You can configure Item Selector and Result Writer , to lean more about refer to Documentation
Map Run resource
Map Run resource behaves as a coordinator for Child Workflow executions by coordinating following details.
Concurrency
Batching
Keeping Track of Child execution States
in Practice when you define MaxConcurrency or MaxItemsPerBatch as in our example, the Map Run associate items by assuring that the Batch Size does not bypass the 256 KB and based on batching possibilities allocates concurrent child executions.
Try it on your own
This article source code is publicly accessible here, If you would like to try the examples and different patterns follow the instructions in README.md file in this repository
https://github.com/XaaXaaX/s3-objects-manipulation-distributed-map
Using Simple Distributed Maps
In this example we read a large number of files for a s3 bucket ( 65K Json objects of 200KB ) and will look in details how the workflow behaves.
The parent DISTRIBUTED map configuration has the following details
| Configuration | Value |
| MaxItemsPerBatch | 5000 |
| MaxConcurrency | 10000 |
The INLINE map configuration, inside the parent Distributed map, has the following details
| Configuration | Value |
| MaxConcurrency | 40 ( Max Recommendation ) |
The Example will be illustrated in the following figure
Running this example takes around 10 minutes and will result in a failed status after that time due to a history limit of 25000 ( hard quota ) .
Changing the batching MaxItemsPerBatch configuration is one of the most straightforward solutions to this limitation. After setting the MaxItemsPerBatch to 1000 items the process same s3 objects will result in a success status with a duration of 05:40.531 ( 5.5 Minutes ).
This result can reasonably cover a variety of scenarios but for scenrios with large amount of data can take a long time and does not seem the best fit in term of operation, performance and requirements.
Using Nested Distributed Map
In this example, the configuration is partially the same as before, we read a large number of files for an s3 bucket ( 65K Json objects of 200KB ), the only difference is that for Chile Workflow execution is encapsulated in a second ( Nested ) Distributed Map to add a second level of parallelism at batch level.

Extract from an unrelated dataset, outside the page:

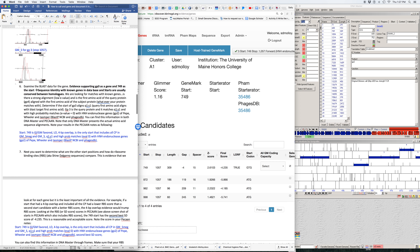Next I want to look at BLAST data for the gene. One of the best ways to determine whether you really have a gene is to find sequence identity with known genes in PhagesDB and NCBI. It's also useful to check whether the 749 start is conserved in those homologues, because true starts are usually found in all homologues — this rule works best when comparing to homologues within the same cluster. So when looking at BLAST data, you want to compare to genes from phage genomes within the same cluster.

The parent DISTRIBUTED map configuration has the following details
| Configuration | Value |
| MaxItemsPerBatch | 5000 |
| MaxConcurrency | 10000 |
The Nested DISTRIBUTED map configuration has following details
| Configuration | Value |
| MaxItemsPerBatch | 50 |
| MaxConcurrency | 1000 |
The nested INLINE map configuration has following details
| Configuration | Value |
| MaxConcurrency | 40 ( Max Recommendation ) |
The Example will be as illustrated in the following figure
Running an execution create a first Map Run resource ( More info here )
Looking at Map Run resource, there are a listing of executions, each with a Batch of Items as below.
In this example looking at any single execution with around 1800 items, the execution is a nested distributed map by its own. by this example we create a Top Down Distributed Map hierarchy at 2 level.
Here an example of what looks a child execution with a workflow State containing an INLINE Map State.
This Nested Distributed Map also has a listing of second level child workflow executions but this time with limited Items per Batch around 50 for each execution.
This seems a reasonable situation to be treated by INLINE Map ( Limited concurrency and History quota )
Looking at this execution list all executions, the start and end time of executions are approximately close showing the parallelism and resulting a close execution duration ( in our example around 2 minutes ) and looking at the Parent Distributed Map durations we notice the same.
The Execution ran for a duration of 01:20:959 (1.5 Minutes) with a success result.
Conclusion
Distributed map is a great feature and shows off well the power of AWS Step Functions. The Distributed Map can be used in a variety of situations when the need of performance , simplicity and process isolation can be a concern.
In this article we could achieve a better understanding while processing amount of data in a scalable , reliable and performant manner.